Ансельм (схватив руку Марии, проводит ее ногтями по своей шее, губам, глазам). Дотроньтесь до меня! Сделайте мне больно! Вот тут! И тут! Возьмите нож, вырежьте на мне знаки, точно на дереве! Раз уж не верите! Терзайте меня до беспамятства, тогда вы сможете делать со мной все что угодно.

Мария (вырываясь). Вы похожи на скверного мальчишку, который упорно добивается, чтобы я его соблазнила.

Ансельм (бросаясь в кресло). Я ничего не добиваюсь... кроме позволения отнести за дверь ваши туфли. Почистить ваши юбки. Дышать воздухом, который побывал у вас в груди. Быть постелью, которой дано хранить отпечаток вашего тела. Жертвовать себя вам! Вся прочая реальность блекнет перед этим.

Мария (протестуя и успокаивая). За все время нашего знакомства мы видели только лица и руки друг друга.

Ансельм. Но когда минуту назад я нечаянно обнял вас, мне почудилось, будто вдали от всего, что происходит, моя жизнь могла бы без всяких объятий оберегать вашу, прикасаться к ней. (Опять берет Марию за руку.)

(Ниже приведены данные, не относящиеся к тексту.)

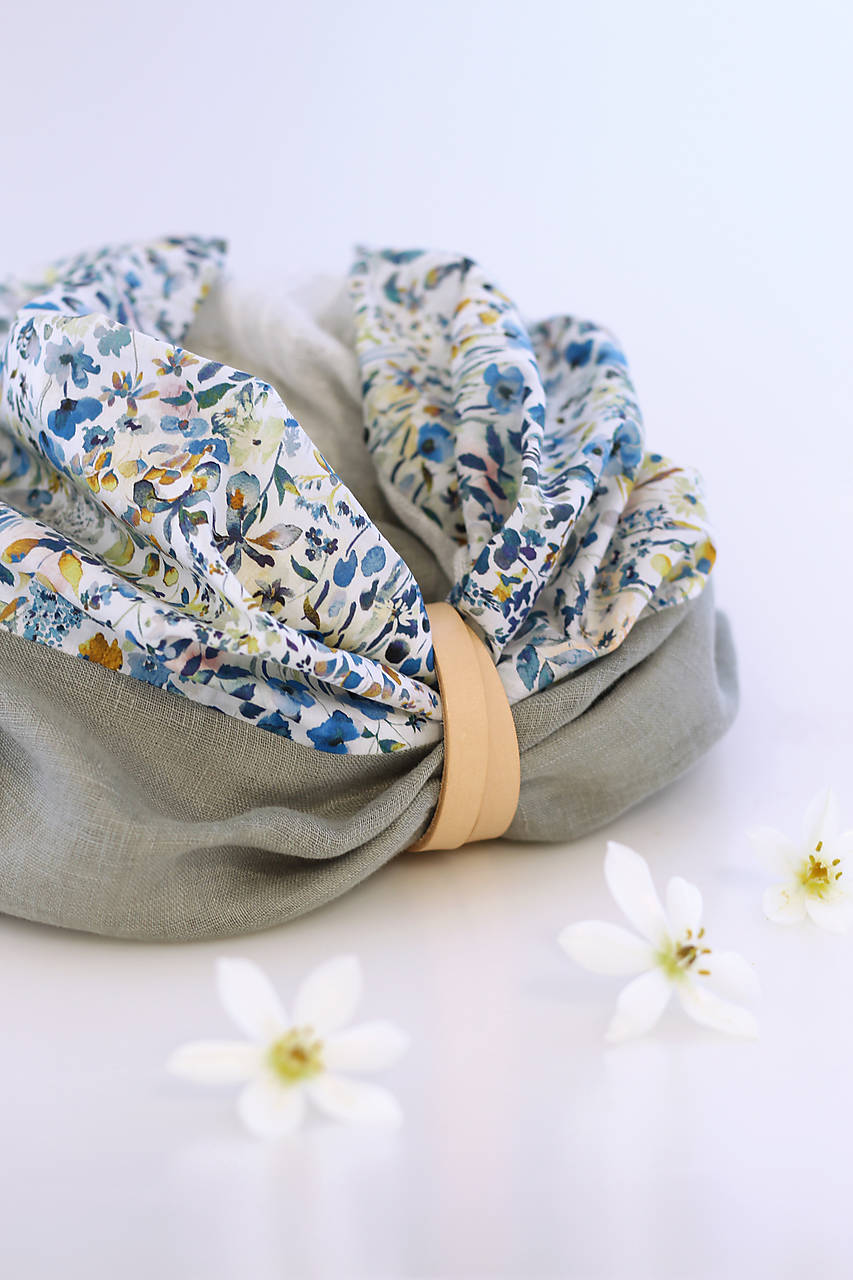 Kvetinový exkluzívny nákrčník z ľanu a bavlny "Claire"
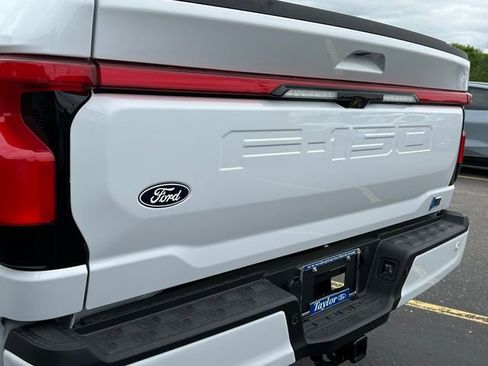 New 2025 Ford F150 Lightning Lariat image 7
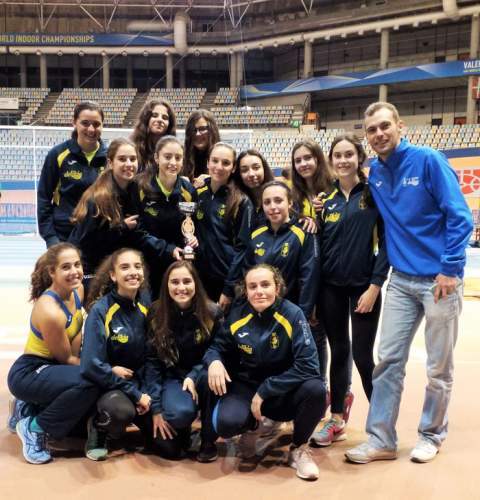 Las atletas U20 y el director deportivo del CA Safor, David Melo, celebran la tercera plaza en el campeonato, el sábado pasado.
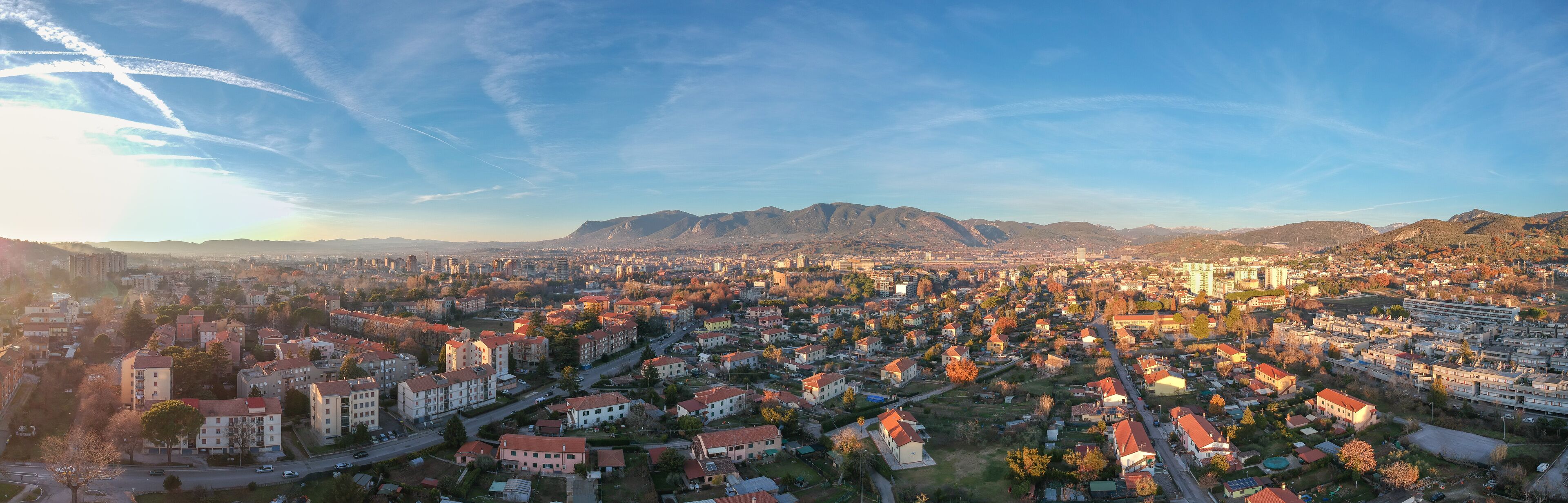 Vista panorámica de una ciudad con montañas al fondo.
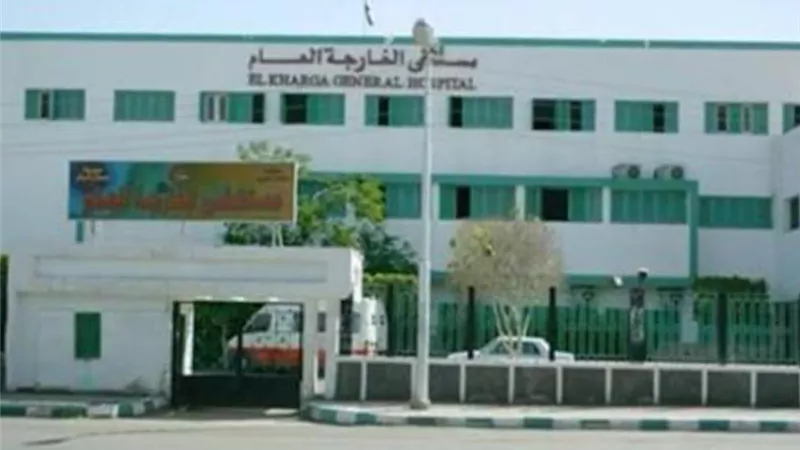 اصابة 8 اشخاص في انقلاب سيارة اجرة على طريق الخارجة - الداخلة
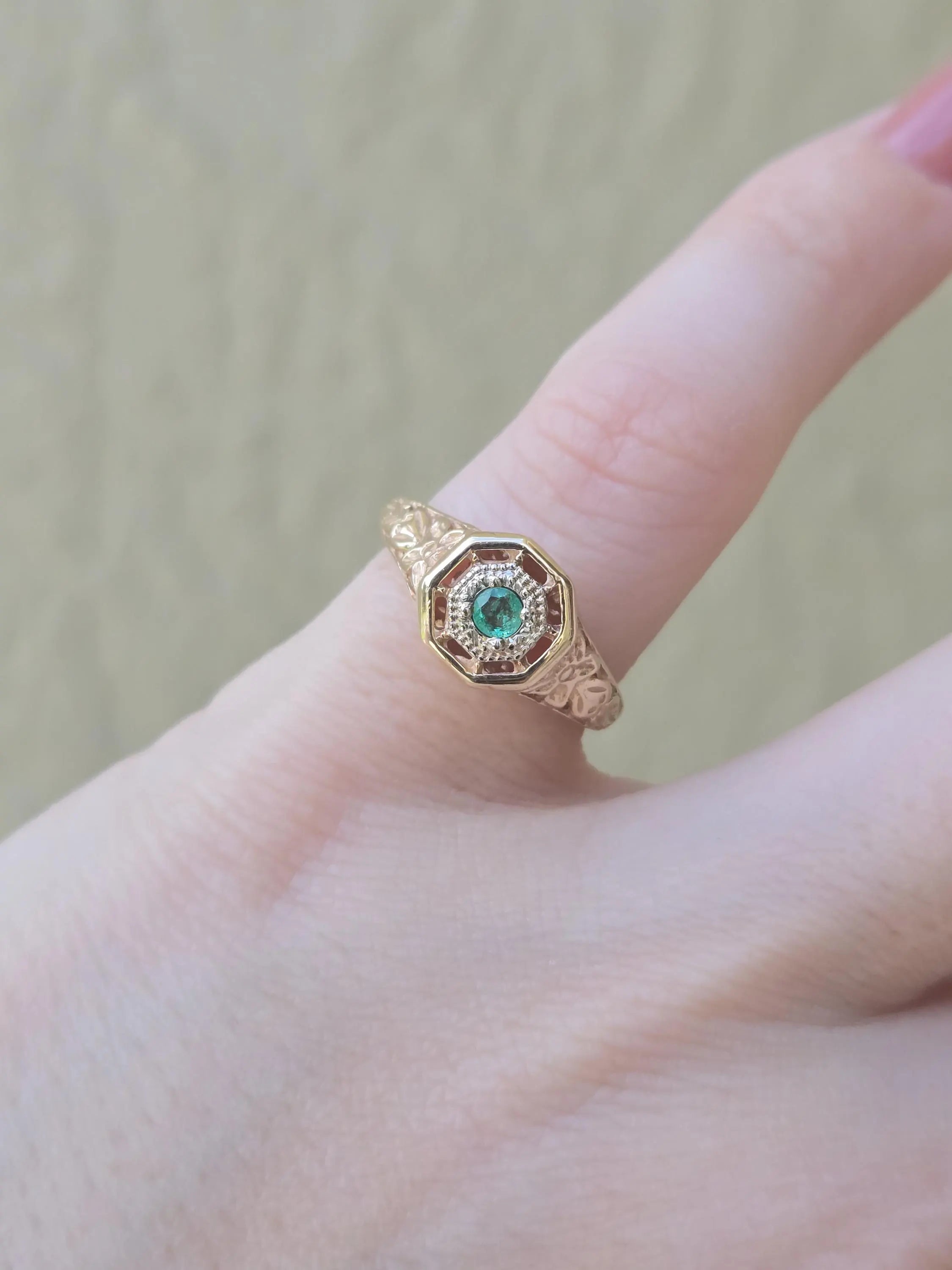 Vintage 10K Gold Filigree Ring | Natural Hexagon Emerald | Estate Ring Size 4.75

Мария (нерешительно). Мы уже не так юны.

Ансельм. Это всего-навсего означает, что Томас совершенно вас поработил. Оказывается, уже чуть ли не аномалия какая-то, если люди вдруг сближаются иным путем, отличным от того, что сродни процессу еды и пищеварения. Я хочу обладать вашей жизнью. Приобщиться благодати вашего бытия!

Мария. Но отчего бы тогда понадобилась именно женщина?!

Ансельм. Оттого что вы – женщина. Оттого что вы еще и женщина – это необычайно притягательно. Оттого что ваши юбки влекут по полу колокол незримого!! (Роняет голову на руки, прячет лицо.)

Мария. Нет, нет, это фантазии, Ансельм...

Ансельм. Я не знаю, что еще сказать, отдайте меня в руки Томаса!

Желая, чтобы Ансельм поднял голову, Мария касается его руки. Он неподвижен.

Она присаживается на подлокотник.

Мария. Ансельм, все, что вы говорите, до ужаса неестественно. Детские игры. Забытые, отброшенные за ненадобностью.

Ансельм (приподнимая голову). А ведь вам донельзя безразлично все это "ценное", "важное", что вы сейчас делаете.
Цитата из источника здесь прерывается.